Este aumento posiciona a Quintana Roo muy por encima de Yucatán y Campeche, estados que durante el mismo periodo reportaron 37 mil 192 y 13 mil 499 incapacidades, respectivamente. Las cifras confirman que en la entidad se concentra la mayor cantidad de accidentes de trabajo y enfermedades laborales de toda la región peninsular.
Además, Quintana Roo destaca a nivel nacional dentro de la zona sur del país, de acuerdo con la clasificación por delegaciones del IMSS, que agrupa a jurisdicciones de 10 estados. En este rubro, el estado ocupa el segundo lugar con más incapacidades laborales, sólo por debajo de Puebla, que en 2025 registró 72 mil 552 casos.

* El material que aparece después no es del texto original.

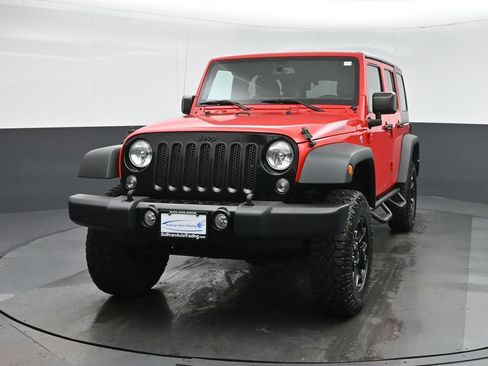 Used 2017 Jeep Wrangler Unlimited Willys image 2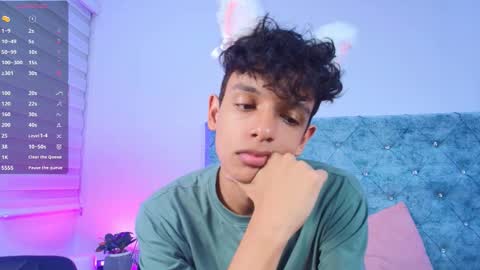 M A X F R O S T   online show from 4, 2, 2026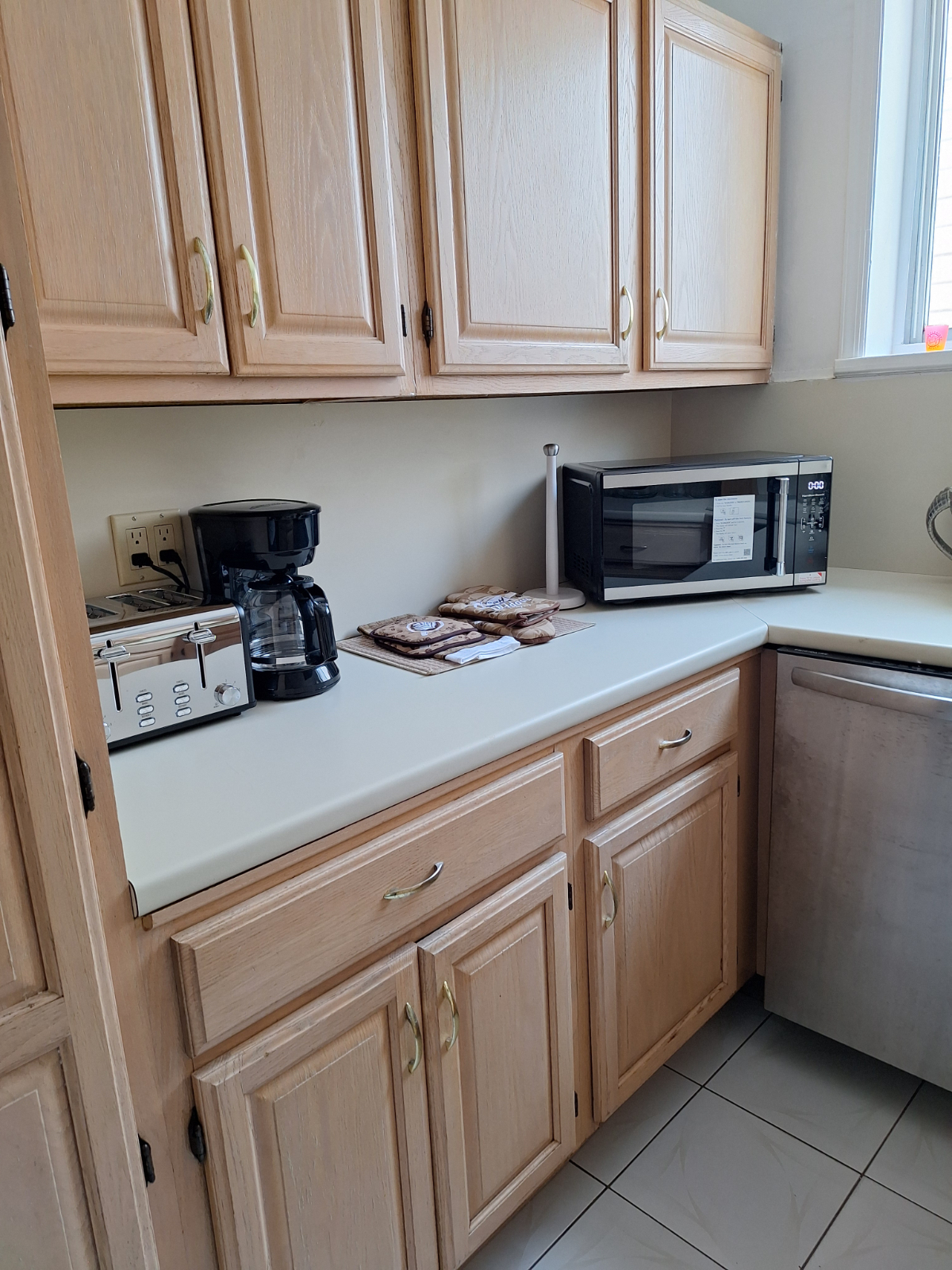 Spacious 3 Bedroom Apartment with In Unit Laundry and Private Parking Option - Photo 2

Las incapacidades laborales corresponden a los llamados certificados subsidiados de riesgo de trabajo, los cuales forman parte del aseguramiento que brinda el IMSS a los trabajadores afiliados. Estos certificados se expiden cuando un empleado sufre un accidente o enfermedad derivada directamente de la actividad que desempeña.
La Ley del Seguro Social define los riesgos de trabajo como “los accidentes y enfermedades a los que están expuestos los trabajadores en ejercicio o con motivo del trabajo”. Dichos riesgos generan prestaciones en especie, como atención médica y farmacéutica, además de una prestación económica equivalente al 100% del salario que el trabajador tenía registrado al momento del incidente.
En los casos donde la incapacidad se vuelve permanente, el IMSS puede otorgar una pensión vitalicia, garantizando un ingreso continuo al trabajador afectado. Este esquema busca proteger tanto la salud como la estabilidad económica de las personas que sufren daños derivados de su actividad laboral.